What I saw… I’ll never forget
But the old man’s warning soon proves true.
One man in a white traditional gown breaks down in tears as he remembers the charred bodies of two of his cousins. The corpses lay in a pool of water on a street in rural Aleppo for seven days until relatives risked death crossing a checkpoint to retrieve them.
He dug their graves himself.
“What I saw, what I experienced, I’ll never forget,” he says, his sun-bleached face twisted in emotion. “There is a limit to what a person can take.”
Around 1.30am, the last cases are registered, and I head back outside, where four large “pre-fabs” have been set up to accommodate those who need a place to sleep until they receive a personal tent in the morning. They lie like lost souls on the cold, grey, concrete, the brisk air streaming through the windows - a rude, but accurate, awakening to life in refuge.

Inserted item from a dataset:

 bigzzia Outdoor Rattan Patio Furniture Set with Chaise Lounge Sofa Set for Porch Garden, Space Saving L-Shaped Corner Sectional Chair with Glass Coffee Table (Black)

One man mistakes me for an aid worker and asks for more blankets for his grandchildren. They are a family of five and only have three blankets, he says. I have no blankets, but offer him my jacket. Ashamed, he politely refuses, and promises they will make do just fine.
By the end of the night, I feel lost in the refugees’ stories, emotionally confused and overcome.
I cannot imagine how they withstand the pressures of the long, tiring journey and the overwhelming procedures upon arrival: government registration, pink slip, vaccinations for your children, welcome package, food ration card, voucher for tent, blanket, sleeping mat, questions, so many questions.
A rowdy crowd is gathered around the thin opening in the barbed wire fence separating the registration area from the camp. The new arrivals push their way through the mass of people, lugging their possessions and entering a new phase of difficulty, another unknown world.
“It hurts to think: How did this happen to us?” one elderly woman tells me. When I comment on the strength I have witnessed among the refugees, she responds:
“It's eat or be eaten. You're the wolf or the sheep.”